# 12' valco build- "Good Enough"



## deadkitty (Aug 2, 2014)

So after my failed jet jon attempt, I gave my new to me valco the fixer upper treatment.
When I got it, the po had given it a fresh paint job (lousy) and of course that helped me see past its dents and bruises, and probably the worst thing : the lid cutouts in the benches were held in by 2 cent hinges, flimsy little things. Anyway, after a few fishing trips the each bench lid had either broken, fallen in on itself or just plain became a board hanging out near the bench....
DAY 1 pics:







Well to my wife's dismay of me starting another project the bench teardown began back in may:



Then came figuring out how to put new ones in... I am not the most skilled handyman, but hopefully good enough to complete this project or I will be sorely lacking a fishing vessel...




The worst thing to cut out evar.........



Finally got it close enough to where I was happy with it:



Added some storage lids :



And some cover up of some not so straight cutting, lol:



another least favorite thing to do... painting, 2 coats red, 2 coats spar urethane.
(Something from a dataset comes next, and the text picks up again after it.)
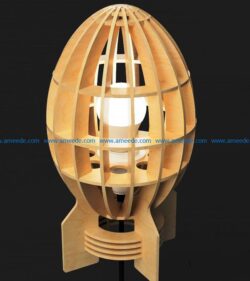 bom lamp file cdr and dxf free vector download for Laser cut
Will be adding one more urethane coat once installed in the boat too...


----------



## deadkitty (Aug 2, 2014)

Family decided to go out of town, and I had been boatless for 2 months, so I took advantage and turned it up a notch to knock this sucker out and at least make it fisheable again. The following was completed in three days.

The floor paint was cracking and it was black which made it a million degrees to your feet in the hot summer sun. So I went a bought a quart of silver textured rustoleum and went to town, nice and thick.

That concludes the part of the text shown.